RECORD EXCERPTS:
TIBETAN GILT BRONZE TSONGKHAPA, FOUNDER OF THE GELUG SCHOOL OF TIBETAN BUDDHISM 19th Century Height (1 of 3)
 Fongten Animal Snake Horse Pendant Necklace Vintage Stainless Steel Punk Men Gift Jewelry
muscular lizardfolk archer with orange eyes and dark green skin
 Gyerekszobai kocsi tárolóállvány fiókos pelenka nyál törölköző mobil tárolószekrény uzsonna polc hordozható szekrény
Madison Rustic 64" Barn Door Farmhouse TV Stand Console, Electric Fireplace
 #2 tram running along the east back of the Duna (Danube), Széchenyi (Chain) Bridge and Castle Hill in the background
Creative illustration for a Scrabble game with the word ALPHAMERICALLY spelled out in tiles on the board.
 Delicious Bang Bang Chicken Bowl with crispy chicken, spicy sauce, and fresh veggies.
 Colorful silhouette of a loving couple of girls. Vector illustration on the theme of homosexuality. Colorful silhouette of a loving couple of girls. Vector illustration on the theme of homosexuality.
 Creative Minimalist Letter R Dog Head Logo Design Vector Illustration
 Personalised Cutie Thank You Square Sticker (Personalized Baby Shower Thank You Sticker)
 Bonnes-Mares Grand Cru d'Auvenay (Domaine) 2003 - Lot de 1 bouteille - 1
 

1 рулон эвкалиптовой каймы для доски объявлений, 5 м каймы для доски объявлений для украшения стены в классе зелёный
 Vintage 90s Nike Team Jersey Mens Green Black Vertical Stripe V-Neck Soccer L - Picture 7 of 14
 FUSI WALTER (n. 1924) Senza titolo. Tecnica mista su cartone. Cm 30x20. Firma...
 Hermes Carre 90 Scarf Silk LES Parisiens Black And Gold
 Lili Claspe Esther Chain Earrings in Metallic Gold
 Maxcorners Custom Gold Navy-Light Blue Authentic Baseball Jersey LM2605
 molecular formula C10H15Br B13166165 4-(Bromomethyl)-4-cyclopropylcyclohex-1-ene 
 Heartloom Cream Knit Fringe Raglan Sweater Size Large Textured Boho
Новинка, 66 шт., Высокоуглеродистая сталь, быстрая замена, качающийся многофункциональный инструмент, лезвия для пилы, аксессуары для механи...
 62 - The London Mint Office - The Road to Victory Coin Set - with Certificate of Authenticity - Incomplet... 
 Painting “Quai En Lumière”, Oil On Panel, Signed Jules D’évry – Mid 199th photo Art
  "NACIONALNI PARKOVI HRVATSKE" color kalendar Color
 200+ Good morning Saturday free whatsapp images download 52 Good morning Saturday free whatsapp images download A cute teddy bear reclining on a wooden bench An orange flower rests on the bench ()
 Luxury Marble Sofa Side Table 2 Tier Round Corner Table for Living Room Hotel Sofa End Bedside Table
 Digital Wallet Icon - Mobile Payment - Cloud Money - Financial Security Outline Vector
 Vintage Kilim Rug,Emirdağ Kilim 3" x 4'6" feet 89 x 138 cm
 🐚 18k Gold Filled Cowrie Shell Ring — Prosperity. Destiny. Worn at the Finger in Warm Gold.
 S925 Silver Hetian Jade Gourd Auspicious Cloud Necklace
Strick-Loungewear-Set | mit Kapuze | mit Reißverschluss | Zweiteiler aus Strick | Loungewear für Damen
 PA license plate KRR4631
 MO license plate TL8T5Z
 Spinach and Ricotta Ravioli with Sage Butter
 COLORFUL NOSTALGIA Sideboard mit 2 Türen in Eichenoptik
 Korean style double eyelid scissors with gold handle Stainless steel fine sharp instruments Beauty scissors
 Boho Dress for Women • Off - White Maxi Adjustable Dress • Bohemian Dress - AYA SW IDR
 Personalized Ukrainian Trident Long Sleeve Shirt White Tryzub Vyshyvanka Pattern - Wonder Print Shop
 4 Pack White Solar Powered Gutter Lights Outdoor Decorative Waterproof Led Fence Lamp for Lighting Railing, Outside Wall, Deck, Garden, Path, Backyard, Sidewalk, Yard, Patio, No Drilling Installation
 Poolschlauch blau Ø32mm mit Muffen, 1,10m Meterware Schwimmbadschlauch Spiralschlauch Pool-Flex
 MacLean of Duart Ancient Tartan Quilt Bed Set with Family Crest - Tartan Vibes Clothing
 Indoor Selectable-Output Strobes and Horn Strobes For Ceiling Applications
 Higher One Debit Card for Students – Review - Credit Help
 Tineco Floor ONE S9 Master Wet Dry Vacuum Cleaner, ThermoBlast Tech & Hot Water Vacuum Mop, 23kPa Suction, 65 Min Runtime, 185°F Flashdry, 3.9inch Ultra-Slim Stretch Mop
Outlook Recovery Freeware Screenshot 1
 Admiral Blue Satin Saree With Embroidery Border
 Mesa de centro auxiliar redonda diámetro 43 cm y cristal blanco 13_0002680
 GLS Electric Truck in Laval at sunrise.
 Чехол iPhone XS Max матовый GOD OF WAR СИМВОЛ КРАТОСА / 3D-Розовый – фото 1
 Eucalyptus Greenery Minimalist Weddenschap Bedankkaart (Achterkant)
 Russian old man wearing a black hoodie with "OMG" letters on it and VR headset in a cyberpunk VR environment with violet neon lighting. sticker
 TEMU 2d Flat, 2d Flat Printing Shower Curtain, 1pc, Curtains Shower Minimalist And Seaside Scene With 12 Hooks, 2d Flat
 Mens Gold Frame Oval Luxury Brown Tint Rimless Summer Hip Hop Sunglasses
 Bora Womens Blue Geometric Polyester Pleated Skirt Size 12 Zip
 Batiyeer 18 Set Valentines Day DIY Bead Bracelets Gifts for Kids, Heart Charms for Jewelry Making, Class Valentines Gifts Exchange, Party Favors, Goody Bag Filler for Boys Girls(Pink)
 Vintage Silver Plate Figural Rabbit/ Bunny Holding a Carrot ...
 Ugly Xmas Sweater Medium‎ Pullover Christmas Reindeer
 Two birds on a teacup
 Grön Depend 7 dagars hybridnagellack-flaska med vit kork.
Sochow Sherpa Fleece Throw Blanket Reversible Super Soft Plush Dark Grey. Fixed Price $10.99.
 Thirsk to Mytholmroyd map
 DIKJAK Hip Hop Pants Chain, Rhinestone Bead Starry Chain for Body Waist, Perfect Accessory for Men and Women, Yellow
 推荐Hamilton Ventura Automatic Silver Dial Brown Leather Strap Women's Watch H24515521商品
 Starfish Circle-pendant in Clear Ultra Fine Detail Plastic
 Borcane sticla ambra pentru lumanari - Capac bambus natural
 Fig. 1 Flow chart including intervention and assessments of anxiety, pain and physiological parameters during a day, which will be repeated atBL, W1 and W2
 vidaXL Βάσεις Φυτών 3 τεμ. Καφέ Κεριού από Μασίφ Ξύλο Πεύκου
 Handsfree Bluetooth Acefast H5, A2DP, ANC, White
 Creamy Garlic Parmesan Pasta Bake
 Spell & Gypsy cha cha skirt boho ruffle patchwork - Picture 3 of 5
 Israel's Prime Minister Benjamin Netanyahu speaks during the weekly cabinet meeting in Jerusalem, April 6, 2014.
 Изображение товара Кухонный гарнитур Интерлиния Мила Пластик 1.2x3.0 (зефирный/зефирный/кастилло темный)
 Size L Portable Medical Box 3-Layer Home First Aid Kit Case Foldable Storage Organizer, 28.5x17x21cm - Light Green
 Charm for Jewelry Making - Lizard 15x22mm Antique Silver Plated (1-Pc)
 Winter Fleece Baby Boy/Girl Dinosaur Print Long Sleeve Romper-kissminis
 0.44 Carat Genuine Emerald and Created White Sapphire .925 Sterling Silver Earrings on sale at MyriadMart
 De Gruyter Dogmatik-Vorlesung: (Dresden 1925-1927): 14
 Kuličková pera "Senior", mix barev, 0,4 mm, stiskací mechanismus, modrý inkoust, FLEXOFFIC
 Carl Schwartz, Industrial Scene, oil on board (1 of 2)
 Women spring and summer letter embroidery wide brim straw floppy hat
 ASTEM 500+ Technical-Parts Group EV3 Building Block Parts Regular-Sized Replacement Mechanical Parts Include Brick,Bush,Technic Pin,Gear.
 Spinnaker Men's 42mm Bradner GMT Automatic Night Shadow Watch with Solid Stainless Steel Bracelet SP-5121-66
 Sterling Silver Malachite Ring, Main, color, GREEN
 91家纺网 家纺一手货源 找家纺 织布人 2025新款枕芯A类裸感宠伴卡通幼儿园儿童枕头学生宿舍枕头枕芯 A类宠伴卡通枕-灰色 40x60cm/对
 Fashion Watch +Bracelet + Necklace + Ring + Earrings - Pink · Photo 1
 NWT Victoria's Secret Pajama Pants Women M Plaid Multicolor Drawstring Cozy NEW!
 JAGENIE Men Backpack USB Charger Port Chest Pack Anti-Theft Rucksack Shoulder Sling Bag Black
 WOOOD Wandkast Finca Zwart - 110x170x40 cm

WORK TO BE COMPLETED: From the listing above, output exactly the run of lines that starts with the line containing "Spell & Gypsy" and ends with the line containing "Size L Portable".

RESULT FOR THIS EXERCISE:
 Spell & Gypsy cha cha skirt boho ruffle patchwork - Picture 3 of 5
 Israel's Prime Minister Benjamin Netanyahu speaks during the weekly cabinet meeting in Jerusalem, April 6, 2014.
 Изображение товара Кухонный гарнитур Интерлиния Мила Пластик 1.2x3.0 (зефирный/зефирный/кастилло темный)
 Size L Portable Medical Box 3-Layer Home First Aid Kit Case Foldable Storage Organizer, 28.5x17x21cm - Light Green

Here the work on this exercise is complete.